### Action item:
Please print every record exactly as it stands, leaving out the pictures.

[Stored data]
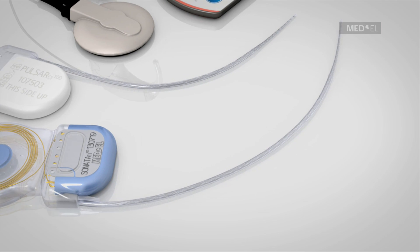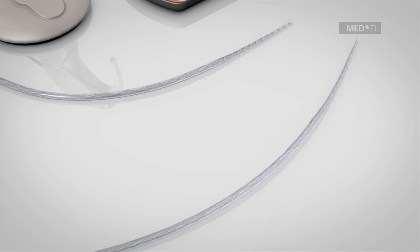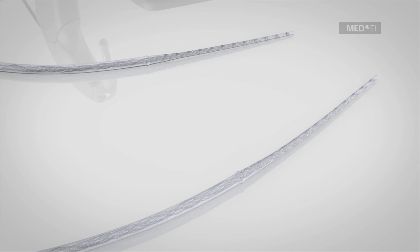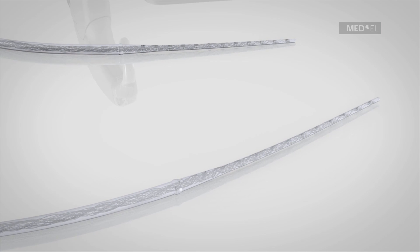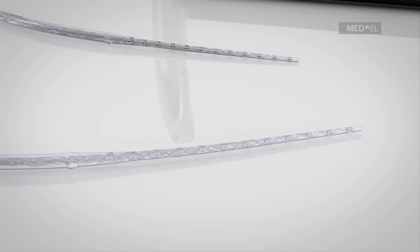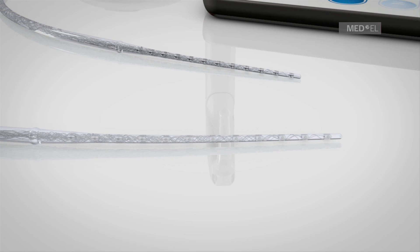The especially long and flexible electrodes were developed specifically for atraumatic insertion deep into the cochlea. Longer, softer electrodes for complete cochlear coverage maximize the entire potential of the cochlea, offering users, for the first time, access to the fine details of sound.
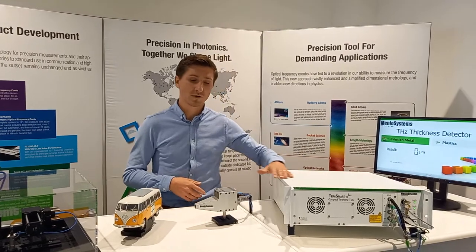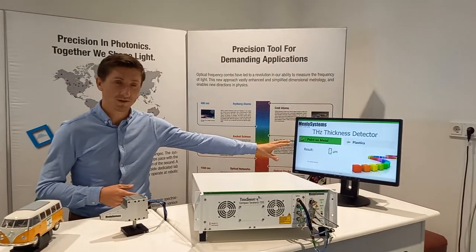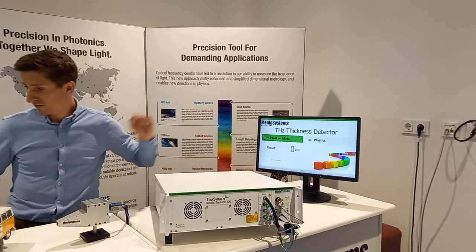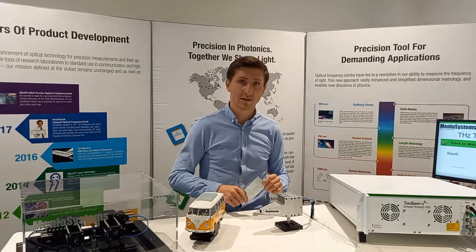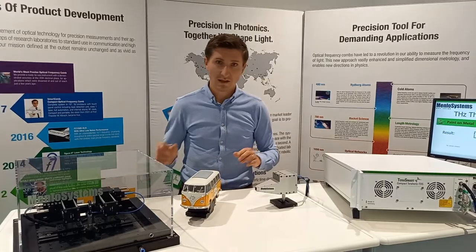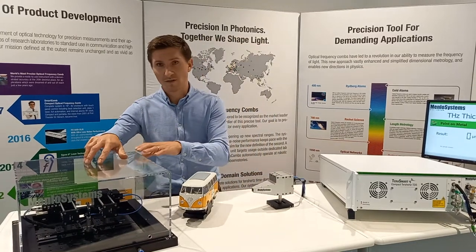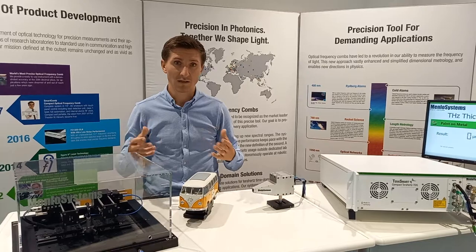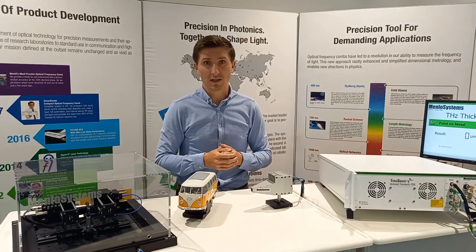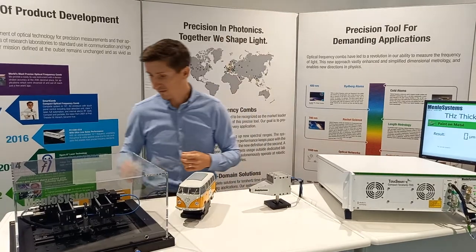Today we are using a TeraSmart system to show you a thickness detection algorithm. I have the software already opened here. You can see there's a difference between measuring paint on metal and also measuring plastics. To set up and calibrate your system, I'm using this simple metallic plate for calibration. Aside from the reflective setting, all transmission settings are available from Menlo Systems for spectroscopic applications with highest resolution, high Terahertz bandwidth, and extremely good dynamic range — up to 100 dB and 6 Terahertz of spectroscopic bandwidth.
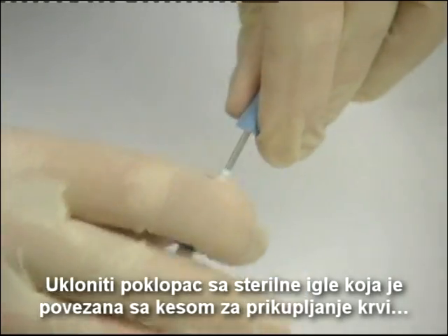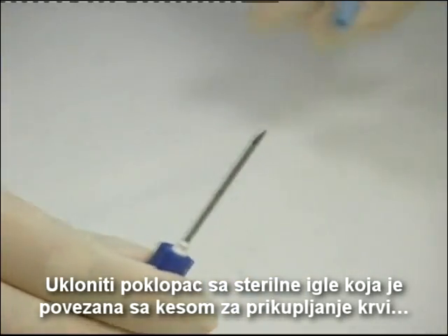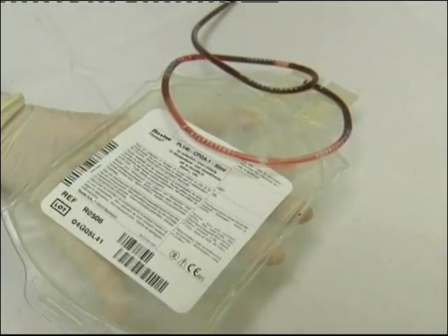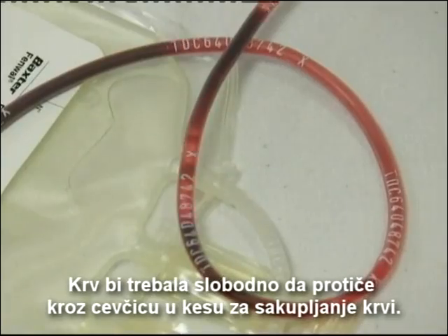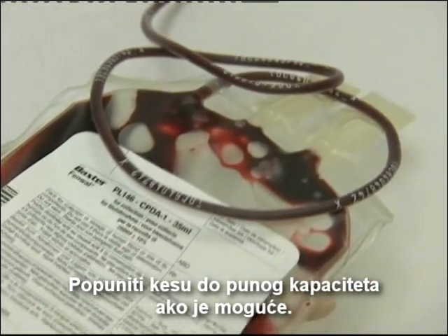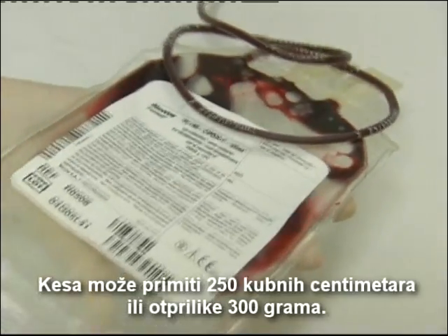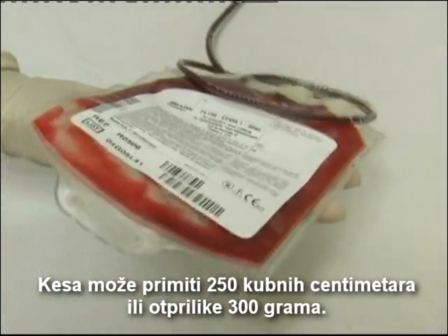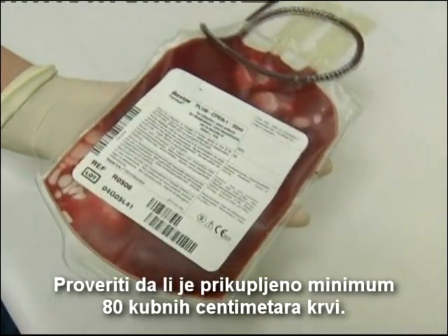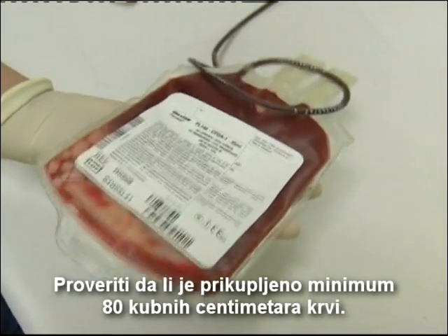Remove the cap from the sterile needle connected to the blood collection bag, and insert the needle in the disinfected area. The blood should flow freely through the tube into the blood bag. If possible, fill the bag to its full capacity. The bag can contain 250 cc's or approximately 300 grams. Please ensure that a minimum of 80 cc's of blood is collected.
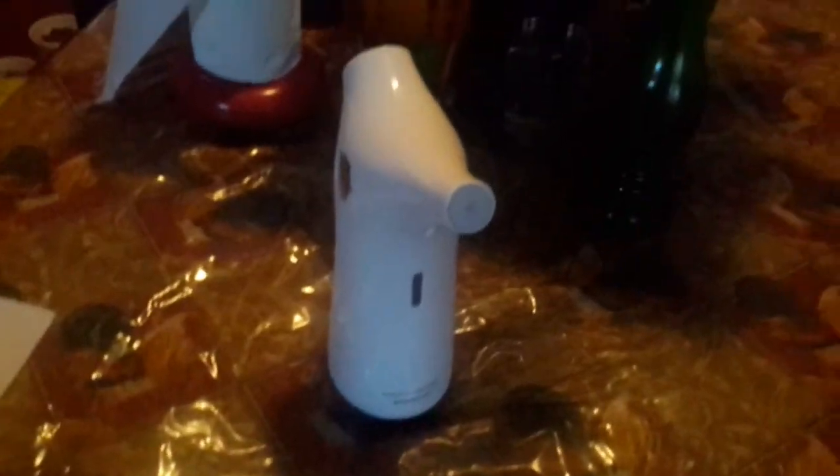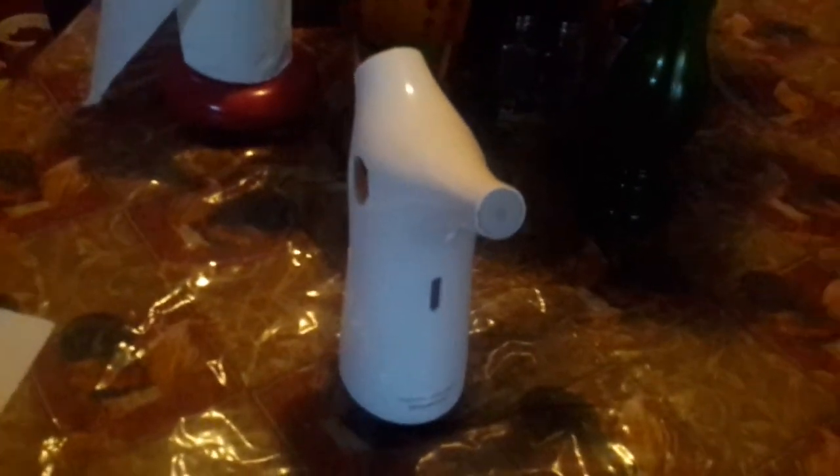The dispenser takes batteries. At the bottom it takes four AAA batteries which you can buy at a dollar store or anywhere you want.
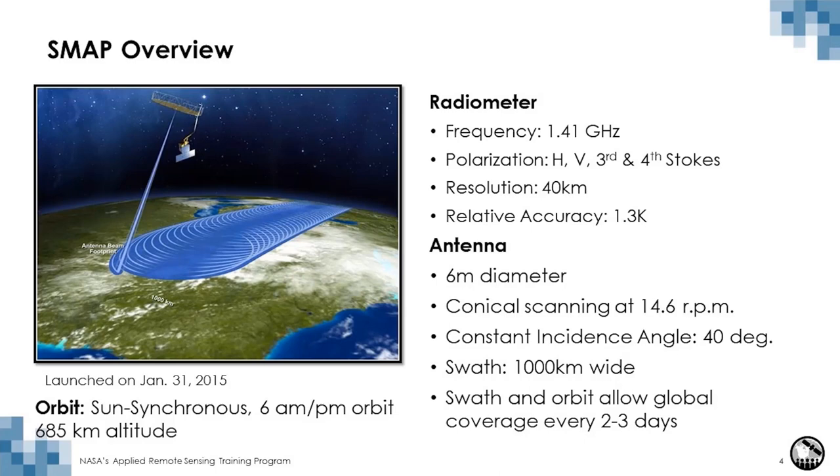The sensor uses an antenna that is six meters in diameter. As you can see in this illustration, the antenna rotates at about 14.6 revolutions per minute and creates a swath on the surface of the earth that is a thousand kilometers wide. The orbit is a polar sun-synchronous orbit, and SMAP is at an altitude of 685 kilometers with a 6 a.m./6 p.m. equatorial crossing.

### Final answer:
The especially long and flexible electrodes were developed specifically for atraumatic insertion deep into the cochlea. Longer, softer electrodes for complete cochlear coverage maximize the entire potential of the cochlea, offering users, for the first time, access to the fine details of sound.
Today we are using a TeraSmart system to show you a thickness detection algorithm. I have the software already opened here. You can see there's a difference between measuring paint on metal and also measuring plastics. To set up and calibrate your system, I'm using this simple metallic plate for calibration. Aside from the reflective setting, all transmission settings are available from Menlo Systems for spectroscopic applications with highest resolution, high Terahertz bandwidth, and extremely good dynamic range — up to 100 dB and 6 Terahertz of spectroscopic bandwidth.
Remove the cap from the sterile needle connected to the blood collection bag, and insert the needle in the disinfected area. The blood should flow freely through the tube into the blood bag. If possible, fill the bag to its full capacity. The bag can contain 250 cc's or approximately 300 grams. Please ensure that a minimum of 80 cc's of blood is collected.
The dispenser takes batteries. At the bottom it takes four AAA batteries which you can buy at a dollar store or anywhere you want.
The sensor uses an antenna that is six meters in diameter. As you can see in this illustration, the antenna rotates at about 14.6 revolutions per minute and creates a swath on the surface of the earth that is a thousand kilometers wide. The orbit is a polar sun-synchronous orbit, and SMAP is at an altitude of 685 kilometers with a 6 a.m./6 p.m. equatorial crossing.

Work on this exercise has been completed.